>>>

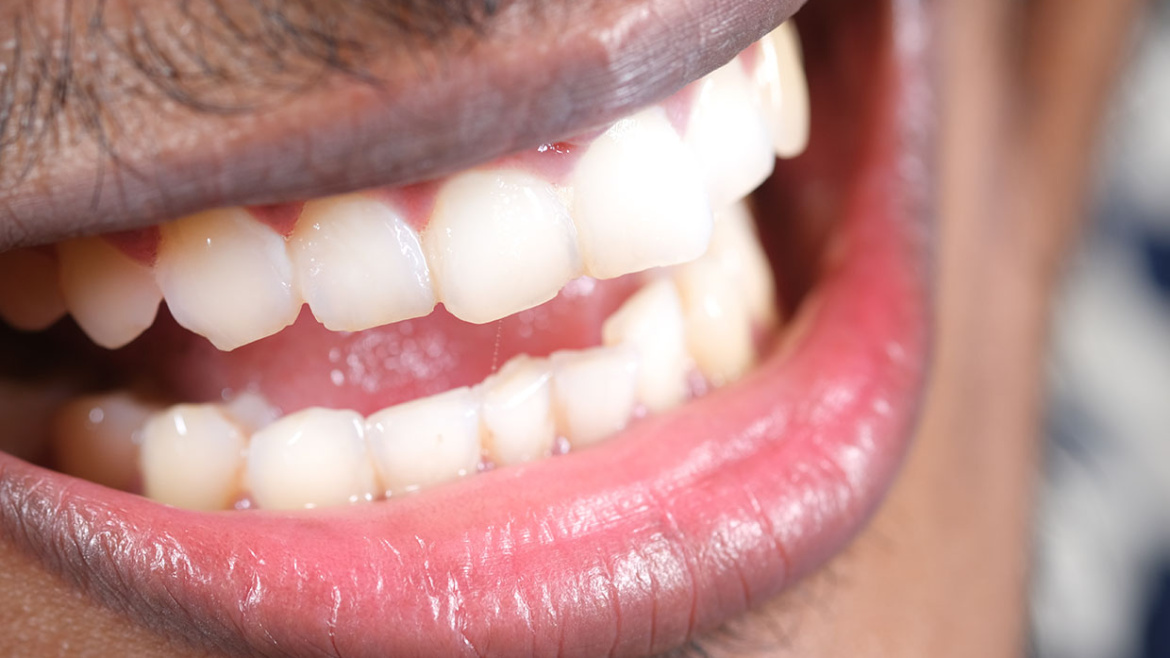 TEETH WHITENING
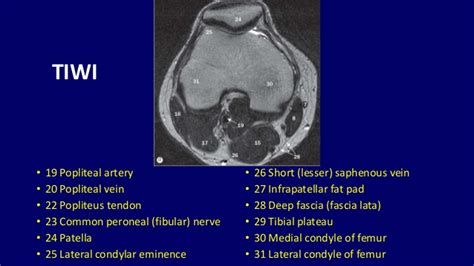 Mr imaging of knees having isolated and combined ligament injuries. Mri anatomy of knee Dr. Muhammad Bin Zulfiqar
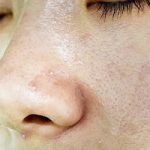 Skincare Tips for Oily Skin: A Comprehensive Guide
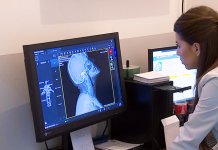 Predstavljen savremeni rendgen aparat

<<<
>>>

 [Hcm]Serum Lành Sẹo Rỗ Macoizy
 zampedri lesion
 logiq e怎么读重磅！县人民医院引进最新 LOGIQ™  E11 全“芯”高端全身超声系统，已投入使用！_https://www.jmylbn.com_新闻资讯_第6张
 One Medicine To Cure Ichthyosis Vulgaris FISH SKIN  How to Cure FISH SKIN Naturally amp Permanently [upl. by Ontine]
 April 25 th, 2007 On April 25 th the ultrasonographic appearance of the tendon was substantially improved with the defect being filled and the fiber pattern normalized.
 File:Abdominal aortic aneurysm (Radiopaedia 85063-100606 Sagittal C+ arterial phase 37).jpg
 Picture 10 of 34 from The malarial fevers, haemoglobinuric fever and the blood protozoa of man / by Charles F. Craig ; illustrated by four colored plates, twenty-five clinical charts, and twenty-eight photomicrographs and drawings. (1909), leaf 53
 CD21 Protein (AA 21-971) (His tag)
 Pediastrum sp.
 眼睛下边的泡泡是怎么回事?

<<<

§ Problem requirements
Print nothing except the lines above from the one containing "TEETH WHITENING" down to the one containing "Predstavljen savremeni rendgen aparat", both included, exactly as written and free of pictures.

§ Task result
 TEETH WHITENING
 Mr imaging of knees having isolated and combined ligament injuries. Mri anatomy of knee Dr. Muhammad Bin Zulfiqar
 Skincare Tips for Oily Skin: A Comprehensive Guide
 Predstavljen savremeni rendgen aparat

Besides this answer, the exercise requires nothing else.